Here, we propose a new gating scheme called space gating. Based on the interferometric detection scheme of previous acousto-optic imaging techniques22,23,24,25,26,27,28, we implement the space gating by selectively measuring the ballistic wave that is modulated by a high-frequency ultrasound focus as small as ~30 µm × 70 µm in size. Unlike confocal or time gating, space gating is directly applied at the object plane inside the scattering medium to reject the multiply scattered wave whose optical path spreads beyond the extent of the ultrasound focus. Therefore, it can remove the multiply scattered wave, which cannot be filtered out by the existing gating operations. Integrating the space gating into the coherent confocal microscopy, we demonstrate imaging of amplitude objects through scattering layers thicker than 23ls with the optical diffraction-limited resolution of 1.5 µm. Furthermore, by combining the noise rejection capability of space gating with the advantage of coherent treatment of the ballistic wave, we demonstrate the quantitative phase imaging of biological cells fully embedded within a scattering medium. Lastly, we examine the effectiveness of space gating in imaging skeletal muscle structures of an unstained zebrafish across its entire body. The proposed concept of space gating is an independent and complementary addition to the existing gating operations. It represents an important step toward reaching the fundamental depth limit of diffraction-limited imaging relying on ballistic waves, and opens new possibilities for label-free imaging of biological cells through scattering tissues.

Results

Principles

The concept of space gating combined with confocal gating is illustrated in Fig. 1a. To implement the confocal gating, we illuminated an object plane with a focused laser beam and detected the transmitted field at the position rd conjugate to the illumination point ri. As shown in Fig. 1a, ri and rd are the illumination and detection points defined on the planes conjugate to the object plane.
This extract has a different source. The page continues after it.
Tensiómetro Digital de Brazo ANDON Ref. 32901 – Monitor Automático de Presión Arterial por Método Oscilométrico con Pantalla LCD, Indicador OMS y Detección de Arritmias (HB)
We measured the signal only at the sensor pixels (marked with a blue square) conjugate to the focused illumination. This ensures that only the ballistic wave (indicated as green lines in Fig. 1a), which carries the optical diffraction-limited image, contributes to the measured field in the absence of scattering. This scheme is equivalent to the conventional confocal gating, where a physical pinhole is used.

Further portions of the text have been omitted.